Why are we in this predicament? Why is this so different from other medical conditions? After all, this is a medical condition. I think we have to begin to focus a bit more on biology, because our diagnostics right now are agnostic of biology. It's all based on symptoms. Also, we need to develop biomarkers through blood tests and brain scans.
In terms of technology, I think we are at a stage where there have been huge advancements in terms of both genetics and, for example, imaging. We recently invested a huge amount of resources into creating a brain imaging centre at The Royal. The reason we did it is that we wanted to provide a platform that could help us peer into the living brain.
How can you treat an organ that you can't see? You take your car to a mechanic because you know that he knows how the car works. He can see it, he can open your engine, and he can feel it. You can't do that to the brain. Your brain is locked away in the vault of your skull. There is no easy way to get to it. You can't get to it, you can't feel it, you can't pulse it, and you can't see a lump as you can for a cancer. You need to peer inside the living brain to see what is happening. You need to do a sort of non-invasive biopsy of the living brain so that you know what's going on.

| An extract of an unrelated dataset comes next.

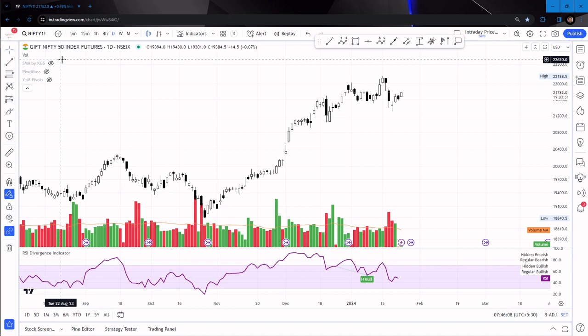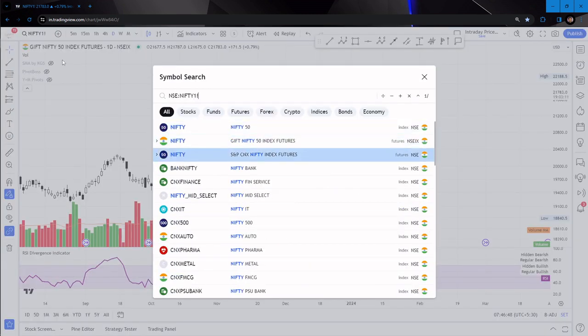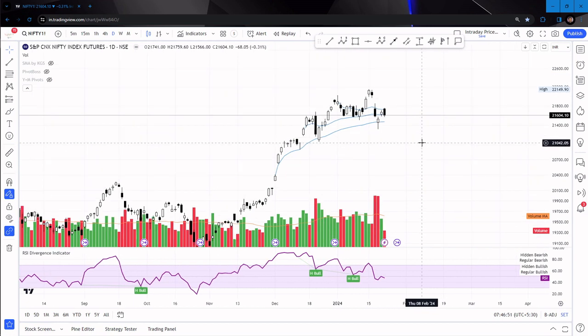One thing you have to note: whatever analysis I'm sharing in the video is what I see in the chart. I can be wrong at many places — it's not that I will be correct everywhere. You have to first understand what is correct, what is wrong, and whether my analysis is helpful or not. I've never asked you to follow my analysis blindly. Please do your own due diligence, apply your understanding, and see what is being told in the chart. You also need to understand what risk is involved in the trade.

In the case of mental illness, we know it's brain based. We need to peer in. It's not just a matter of looking into the brain for abnormalities that are anatomical. I don't think there will be anatomical abnormalities. What is happening is that some circuits within the brain are starting to malfunction. What we need to find out is which ones are the rogue circuits. Where is it that certain symptoms are expressing themselves? How can we use the technologies we have, and other means, to better diagnose—to diagnose early and diagnose precisely, and to know what is causing the illness so that we can specifically treat it in a personalized way, as we do for other illnesses?

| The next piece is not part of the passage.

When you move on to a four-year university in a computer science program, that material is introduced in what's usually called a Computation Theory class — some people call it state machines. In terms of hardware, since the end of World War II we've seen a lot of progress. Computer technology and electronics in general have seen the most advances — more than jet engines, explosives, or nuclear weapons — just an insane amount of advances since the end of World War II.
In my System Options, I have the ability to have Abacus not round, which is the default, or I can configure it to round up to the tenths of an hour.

For example, if you have a cancer, they'll do a scan. They'll tell you the regions in your body where they see growths. Then they'll do a biopsy and identify the cell type. Then they'll do a spectrum analysis on the cell and say what chemotherapy they think is very specific for that cell type, and that's what they'll put you on. This is all evidence based.
It's my dream that this is where we will get to in terms of mental illnesses. We need to become much more precise and individualized, because we have seen that “one size fits all” does not work. We cannot keep doing the same things over and over again and expect better outcomes. We may throw all the resources we want at these treatments, but we know what the success rates are. Why don't we invest in something that's going to change that?
I thought I'd come here not to tell you a pretty story, but rather to lay out the facts as they are, to tell you what some of the difficulties are in how we do business, to tell you about the lack of effectiveness in the treatments we're using, and to give you a bit of a solution as to how we can begin to find our way out of this pit-hole that we're in right now.
Really, I think investment in research and innovation will be our ticket to what we're looking for, a better quality of life for those who are suffering in silence. We can throw as much compensation at people as we want, and it will only keep on increasing if we don't stem the problem. We need to be able to figure out what goes awry so that we can begin not only to have customized treatments but also, further upstream, to prevent people from getting ill and getting into these situations.
I thought I'd stop at that and open up the floor to see what questions you might have on this front, because I think it is really a call for help.